Imagine the thought process of the individual teacher. The stack of answers sits on your desk and next to it, a sharpened pencil with an eraser. You know cheating is wrong (morally and legally). You know you could have always done more to help your students (their scores reflect back on you). You know what comes with rising test scores (funding and acclaim). You know you want to keep your job (who wouldn’t?). Dozens of teachers in over forty schools gave in to the pressure to cheat.
God promises us that every temptation has a way out (I Corinthians 10:13). Following the temptation leads to sin while taking the way out leads to righteousness and glorifies God. In the moments of testing, Satan wants to convince you that God’s way will either be bad for you or at least dull in comparison to the temptation.

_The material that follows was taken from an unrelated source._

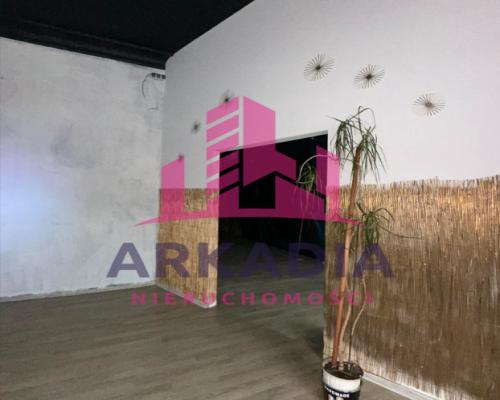 Lokal do wynajęcia – 141 m², parter, Rynek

In the case of these teachers, all of the benefits seemed to be arrayed on his side. You’ll keep your job! Your school won’t lose its funding! Your students will look like scholars!
God’s escape route – the way out – could promise very little. You’ll enrage the administrators. You might lose your job. But you’ll be in God’s hands making a choice that honors Him.
Giving in to sin is to doubt the security of God’s hand. If faith is the trusting step into God’s care through unknown outcomes, sin is the opposite. Sin is the fearful grasping for the easy, safe, or pleasurable solution. Under social and professional pressure, cheating became the easy way for these educators. They found themselves breaking their own moral code but keeping their jobs safe. The right way – the way out from this temptation – was the more dangerous option.
We don’t like to think of ourselves as scoffers, but whenever we (like the teachers described above) give in to temptation, we scoff at the goodness of God. We tell God by our actions that we know better than Him. We tell God by our choices that His way is not the best thing for us.
Adultery, deceit, malice, greed – name any sin and it will connect to the thought that the way of holiness is second best. We might not be expressing our derision for God’s way out, but in rejecting it, we are saying enough.
Reread the first psalm. It is a song recounting the blessing of choosing God’s way. David writes:
Blessed is the man who walks not in the counsel of the wicked, nor stands in the way of sinners, nor sits in the seat of scoffers; but his delight is in the law of the Lord, and on his law he meditates day and night.
Psalm 1:1-2, ESV
Even if they pull up a chair (and they will) don’t sit in the seat of scoffers. That is the easy, broad path. Delight in being in God’s hand – come what may.